Portuguese and Spanish Dolby Digital 5.1 tracks are also included. English, English SDH, French, Spanish, Portuguese, and Chinese subtitles are available.

 

THE EXTRAS

 

The commentary by director Russell Mulcahy, writer Paul W. Anderson, and producer Jeremy Bolt largely covers the technical side of the shoot and the filmmakers’ desire to set this movie apart from its predecessors. Given that I found the movie to be a failure on pretty much every level, I didn’t find it the least bit interesting.  

 

Nine deleted scenes (10 minutes) are also included. As you can tell by the aggregate running time, there’s not much here. But there are a couple more shots of Ali Larter from a very flattering angle, and that’s better than nothing. 

 

Beyond Raccoon City: Unearthing Resident Evil: Extinction (30 minutes) is a four-part making-of doc (you can also watch the four chapters as individual featurettes).
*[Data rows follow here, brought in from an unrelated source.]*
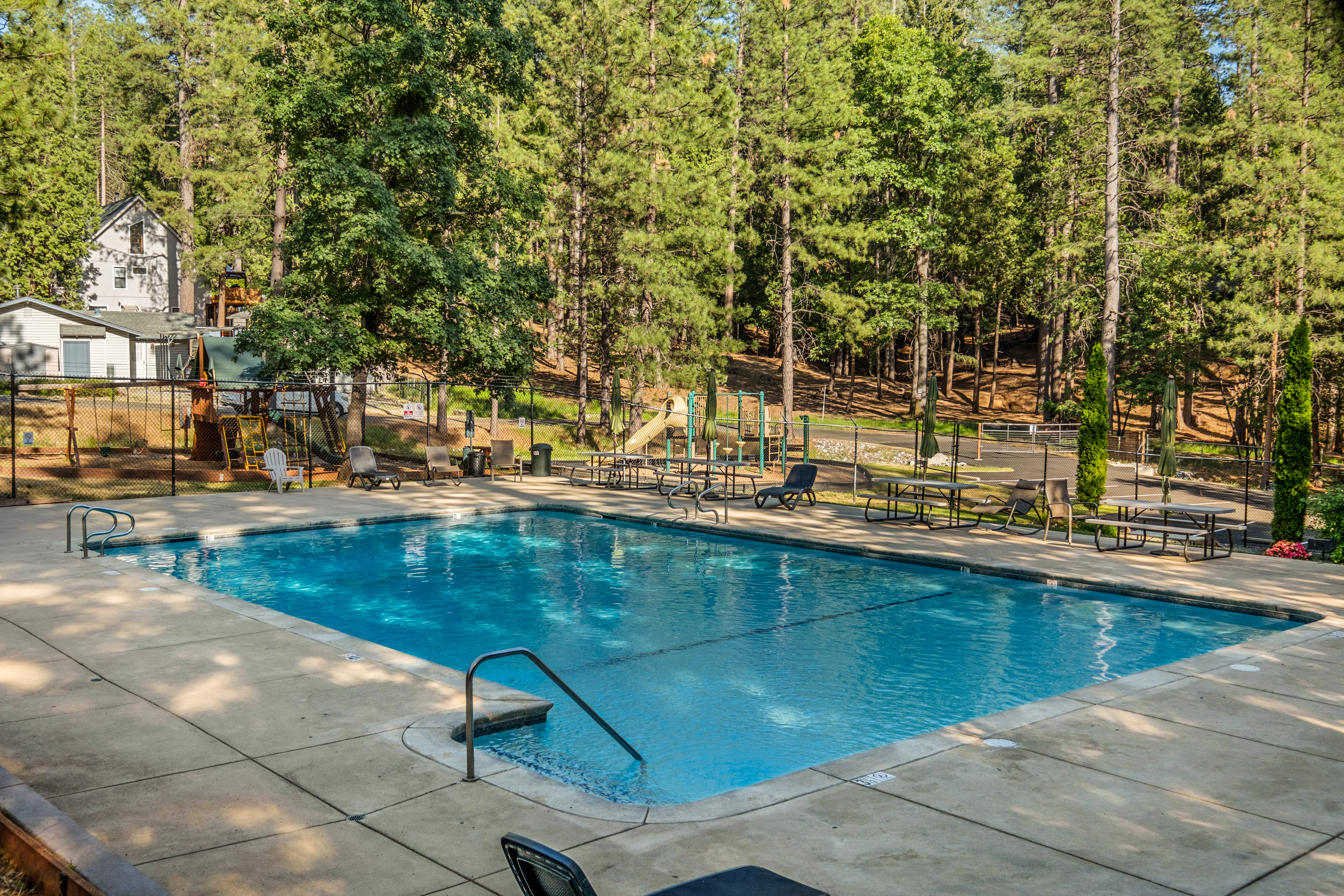 5648 Sierra Springs Drive, Pollock Pines, CA 95726 - 物件實景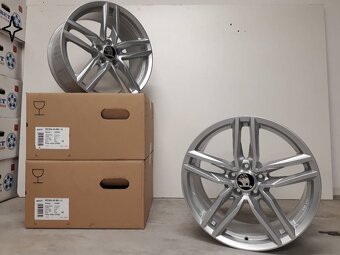 Škoda Karoq, Vw Passat alu kola 5x112 R19 ET49 - 5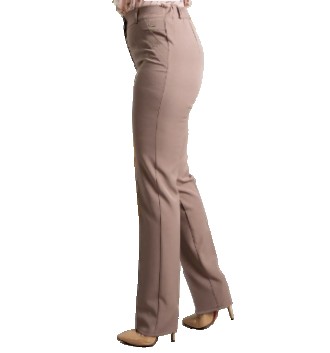 
Женские брюки пошиты из костюмной ткани. Особенностью модели является карманы о. . фото 4
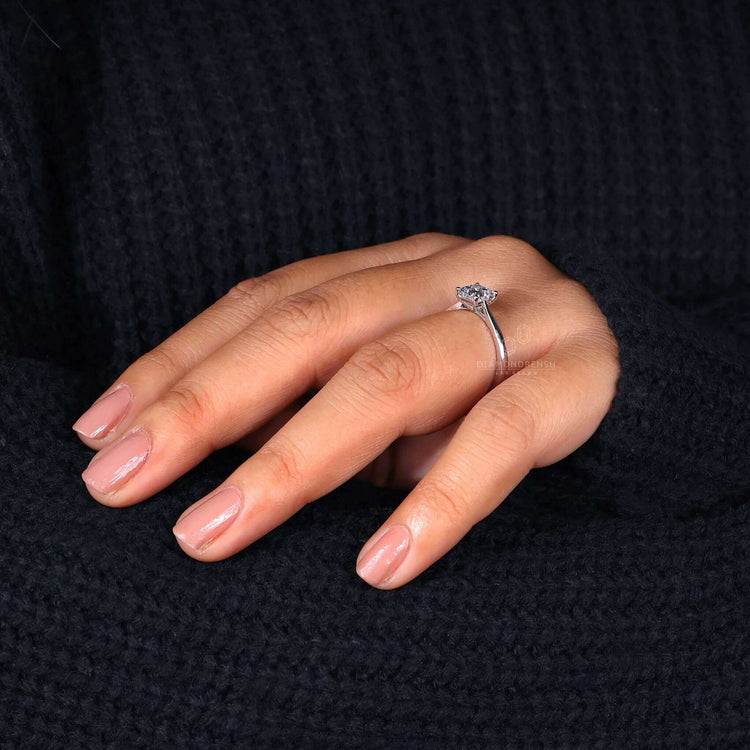 Princess cut diamond ring crafted with precision and beauty.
Topics covered include preproduction, the actual shoot, the make-up effects for the zombies, and the miniature effects used in the Las Vegas sequences.   

 

Under The Umbrella: Picture-in-Picture is similar to the In-Movie Experience option pioneered by Warner, or the U-Control feature found on some Universal HD discs. It runs concurrently with the movie, with material such as interviews, storyboards, and behind-the-scenes footage appearing in a smaller window. Some of the footage has been recycled from the above making-of doc, and much of the material is pretty useless. This is the first such PiP material to appear on a Sony disc, so perhaps they’re still working the kinks out of it. (Be aware you’ll need a Profile 1.1 compatible Blu-ray player--such as a PS3--in order to view this material.)

 

FINAL THOUGHT

 

Resident Evil: Extinction is awful. Just plain awful. Watch it at your own risk.